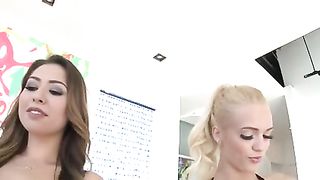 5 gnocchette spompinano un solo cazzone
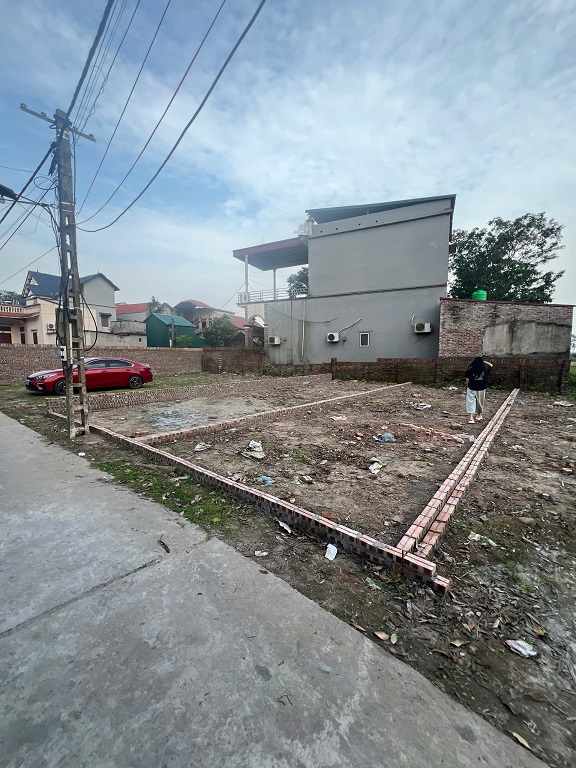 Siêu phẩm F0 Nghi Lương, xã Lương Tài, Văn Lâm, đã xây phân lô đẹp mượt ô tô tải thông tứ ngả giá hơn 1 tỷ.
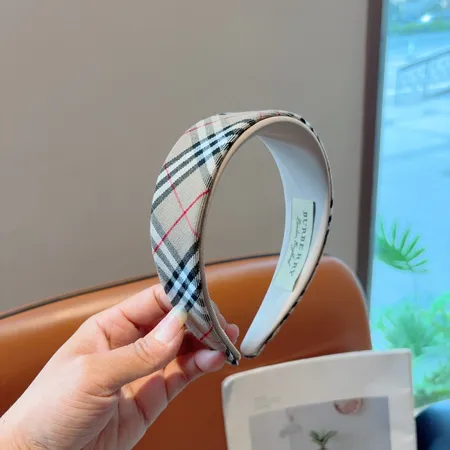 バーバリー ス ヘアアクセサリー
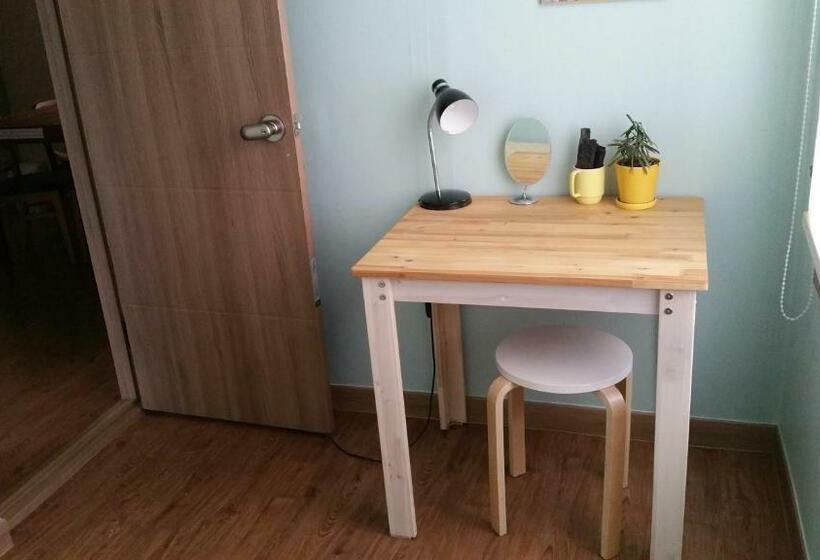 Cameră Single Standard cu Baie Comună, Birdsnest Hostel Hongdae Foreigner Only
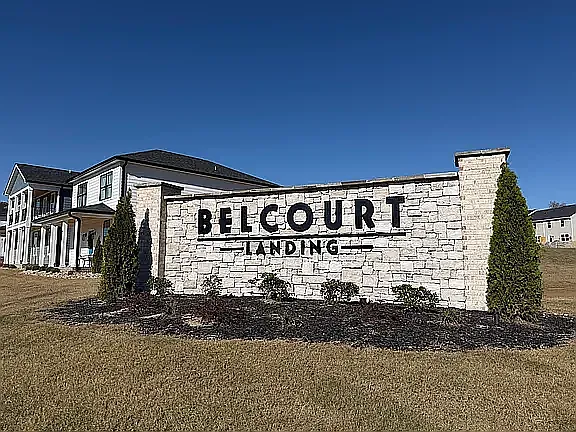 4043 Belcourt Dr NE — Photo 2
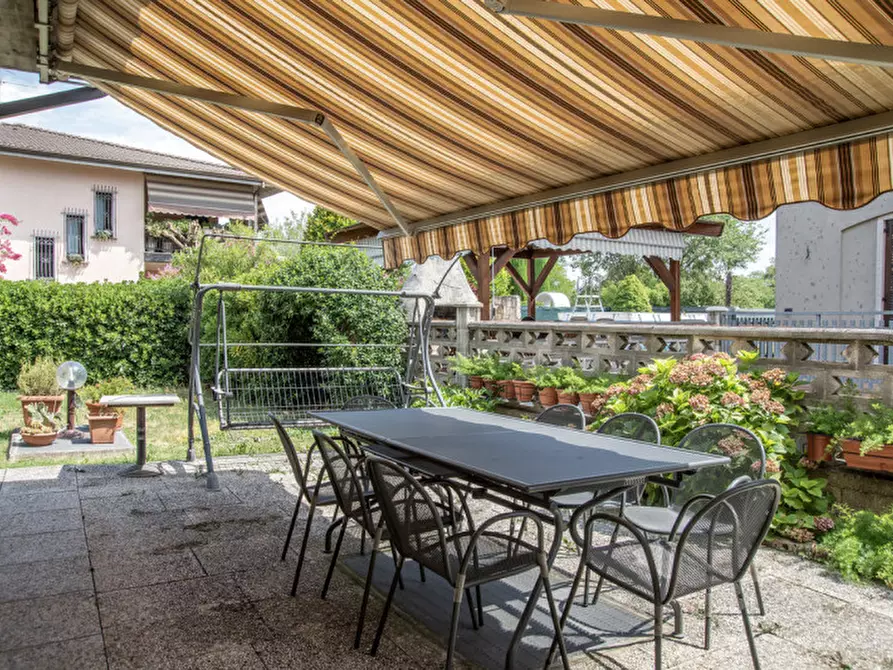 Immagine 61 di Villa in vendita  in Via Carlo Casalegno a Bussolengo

_Work to complete_. Everything in the records except the pictures should be retyped exactly.

_Result of the task_.
 5 gnocchette spompinano un solo cazzone
 Siêu phẩm F0 Nghi Lương, xã Lương Tài, Văn Lâm, đã xây phân lô đẹp mượt ô tô tải thông tứ ngả giá hơn 1 tỷ.
 バーバリー ス ヘアアクセサリー
 Cameră Single Standard cu Baie Comună, Birdsnest Hostel Hongdae Foreigner Only
 4043 Belcourt Dr NE — Photo 2
 Immagine 61 di Villa in vendita  in Via Carlo Casalegno a Bussolengo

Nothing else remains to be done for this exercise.